-- ENTRIES SHOWN follows --

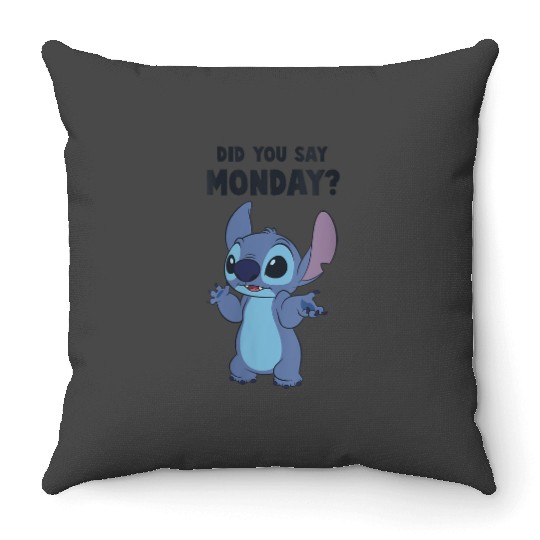 Womens Disney Lilo Stitch Did You Say Monday Big Chest Portrait Throw Pillows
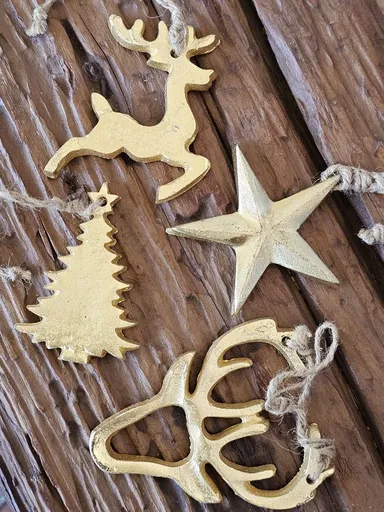 Set 4ks zlatá antik závěsná kovová ozdoba Deer gold - 8-10*1 cm daan kromhout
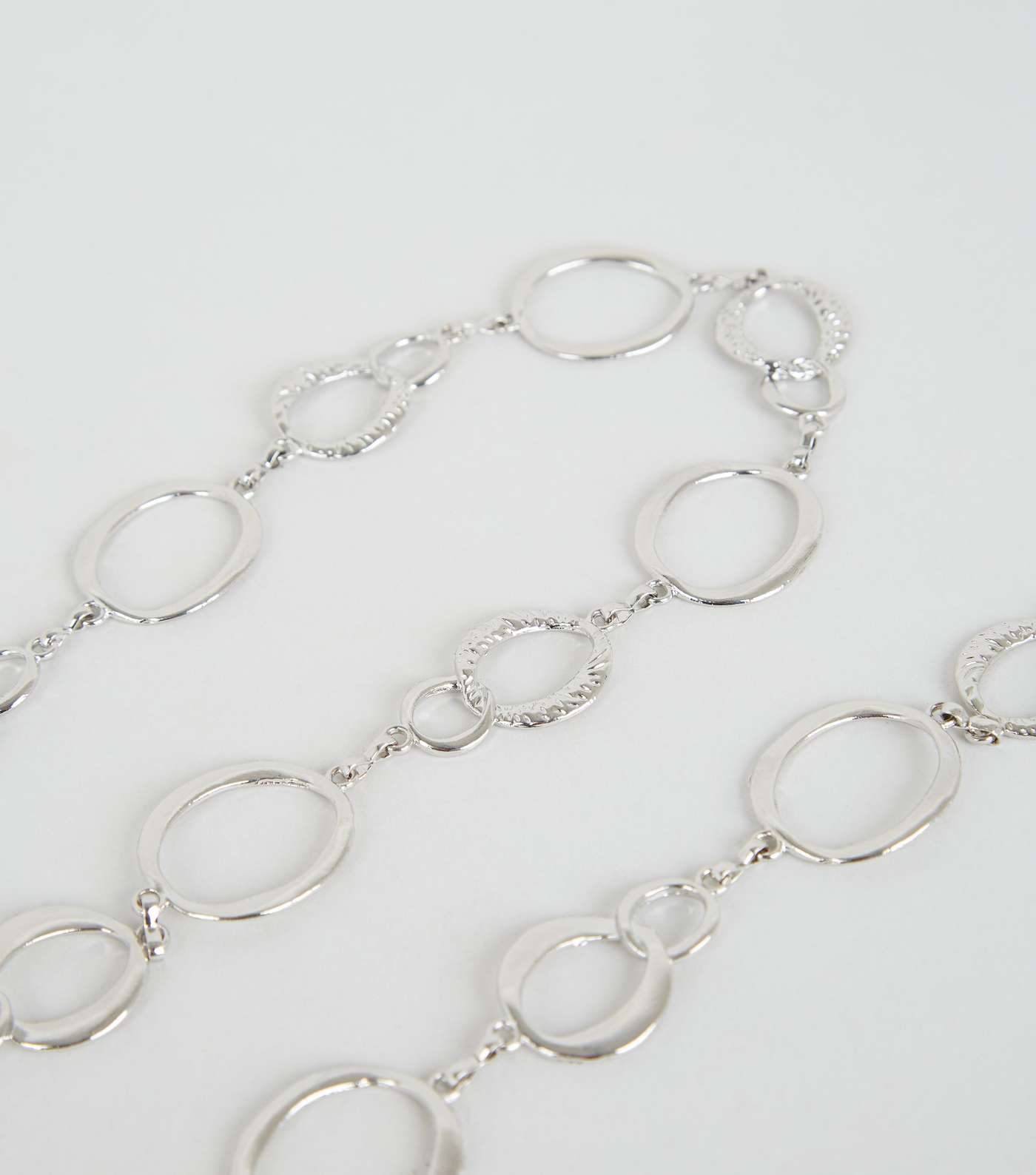 Silver Mixed Link Oval Chain Belt Image 3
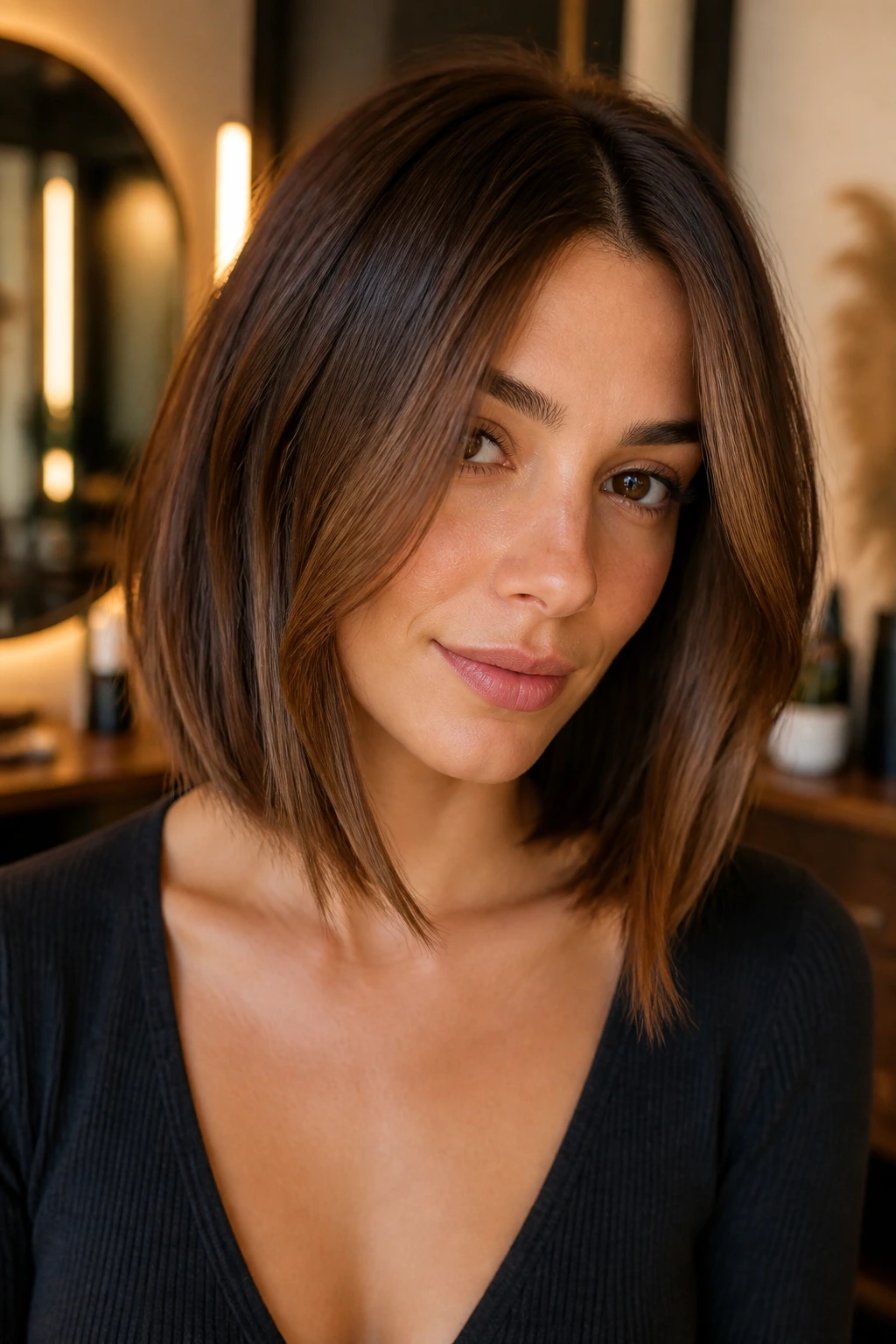 Real woman with subtle face-framing lob tweaks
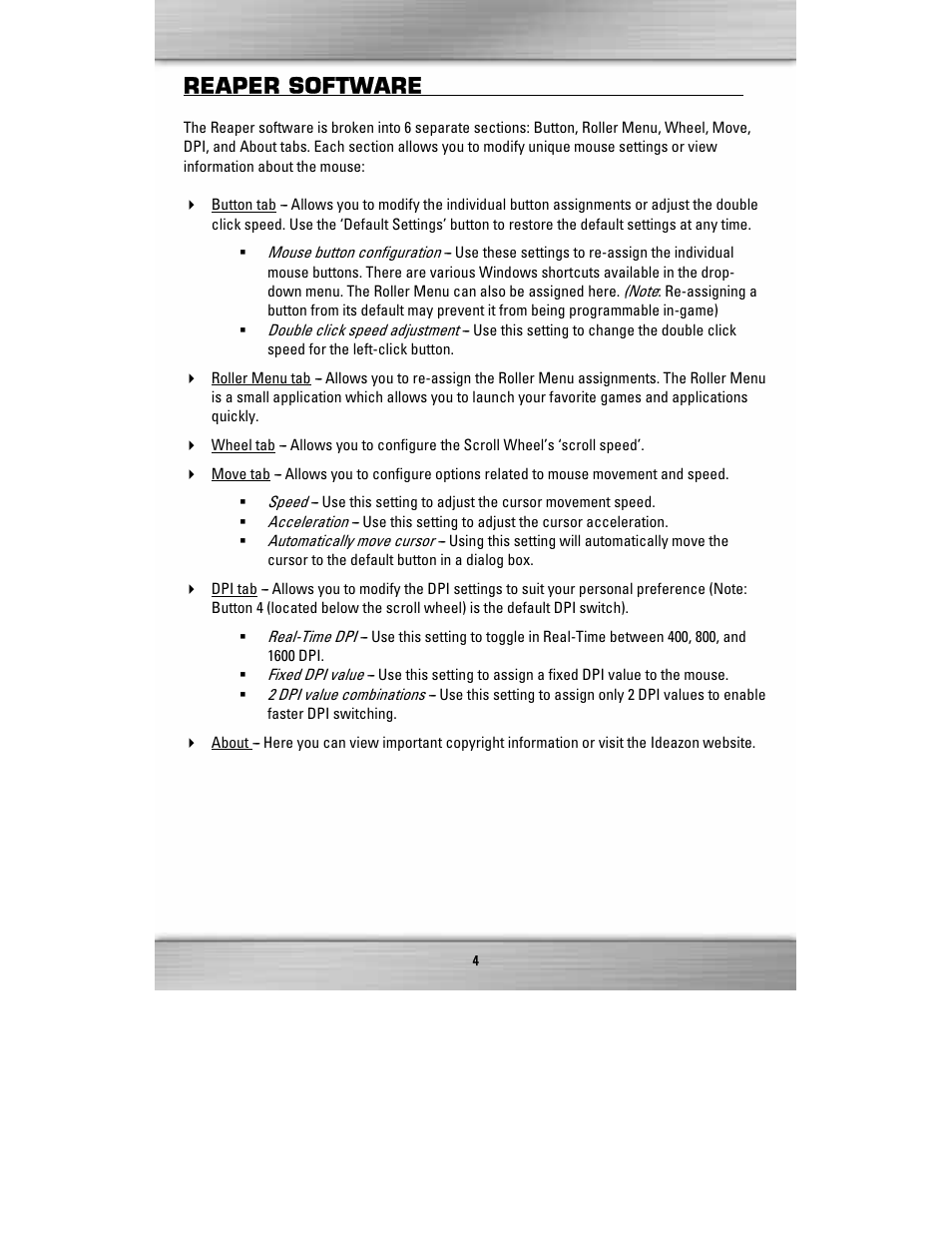 Reaper software | SteelSeries Reaper ZMS1000 User Manual | Page 4 / 5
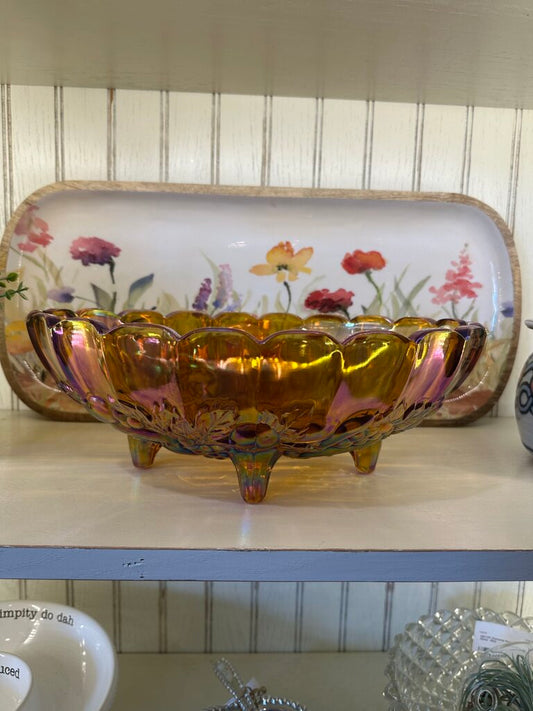 Vintage Indiana Glass Harvest Grape Carnival Glass Amber Oval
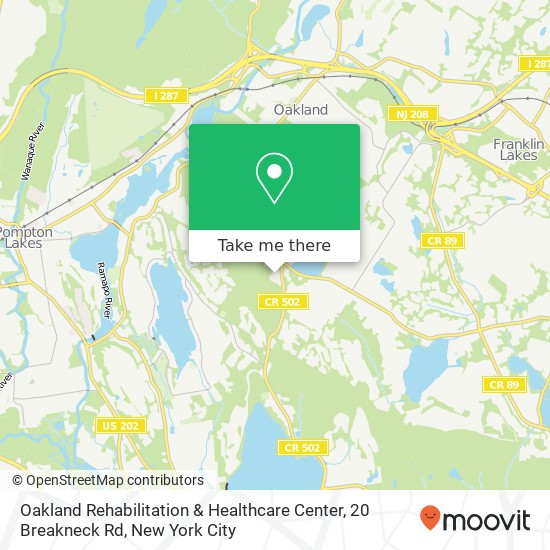 Oakland Rehabilitation & Healthcare Center, 20 Breakneck Rd map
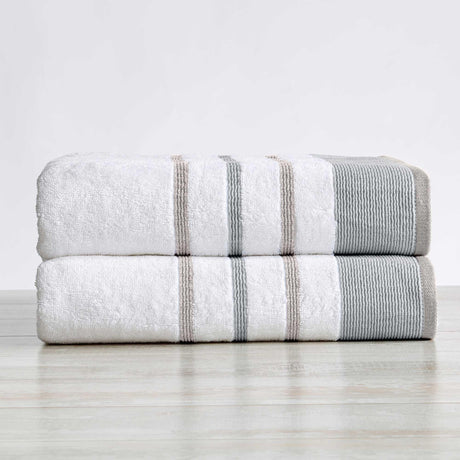 Decorative cotton stripe bath towel set - noelle collection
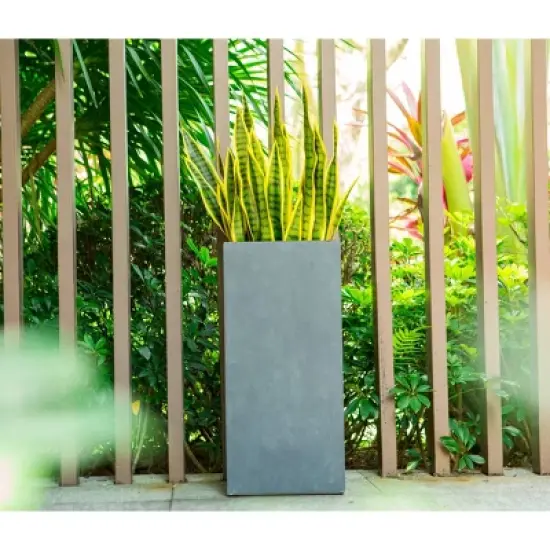 Rosemead Home & Garden, Inc.14" Wide Square Concrete/Fiberglass Planter: Modern, Tall, Weather-Resistant image {10}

-- ENTRIES SHOWN concluded --

◆ WORK INSTRUCTION: Your task is to transcribe, exactly and without additions, every line from the one that contains "Set 4ks zlatá" to the end of the entries above, both included. Omit all pictures.

◆ WRITTEN ANSWER:
 Set 4ks zlatá antik závěsná kovová ozdoba Deer gold - 8-10*1 cm daan kromhout
 Silver Mixed Link Oval Chain Belt Image 3
 Real woman with subtle face-framing lob tweaks
 Reaper software | SteelSeries Reaper ZMS1000 User Manual | Page 4 / 5
 Vintage Indiana Glass Harvest Grape Carnival Glass Amber Oval
 Oakland Rehabilitation & Healthcare Center, 20 Breakneck Rd map
 Decorative cotton stripe bath towel set - noelle collection
 Rosemead Home & Garden, Inc.14" Wide Square Concrete/Fiberglass Planter: Modern, Tall, Weather-Resistant image {10}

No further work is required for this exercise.